- **TO DO**
A faithful copy is needed of the lines below from the one with "Facade/entrance in Hotel" up to and including the one with "Earrings Jewellery Set⠀"; set it down with no pictures and no other lines.
RECORDS PROVIDED Block Start
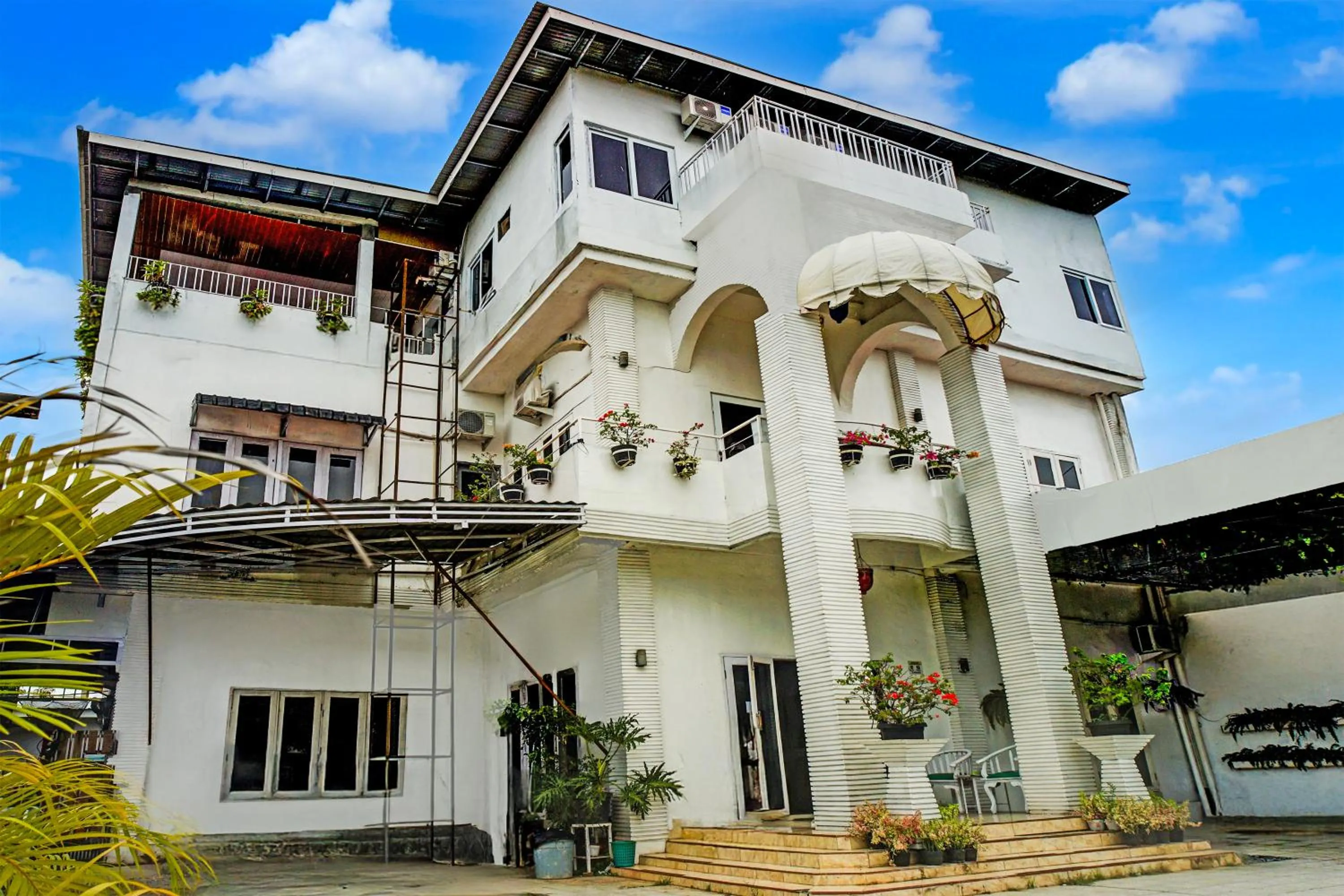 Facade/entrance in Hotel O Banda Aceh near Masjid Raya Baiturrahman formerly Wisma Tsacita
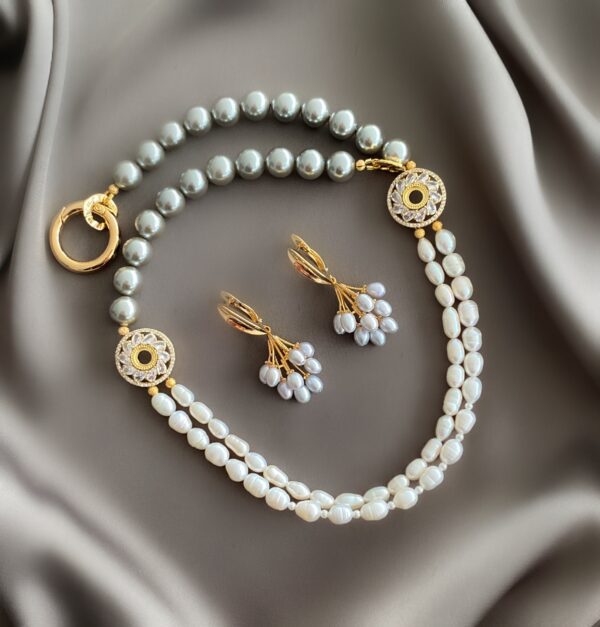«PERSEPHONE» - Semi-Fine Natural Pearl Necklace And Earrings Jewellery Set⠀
RECORDS PROVIDED Block End
RECORDS PROVIDED Block Start
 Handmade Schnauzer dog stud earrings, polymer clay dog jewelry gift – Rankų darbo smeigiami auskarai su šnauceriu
RECORDS PROVIDED Block End
- **EXERCISE RESULT**
 Facade/entrance in Hotel O Banda Aceh near Masjid Raya Baiturrahman formerly Wisma Tsacita
«PERSEPHONE» - Semi-Fine Natural Pearl Necklace And Earrings Jewellery Set⠀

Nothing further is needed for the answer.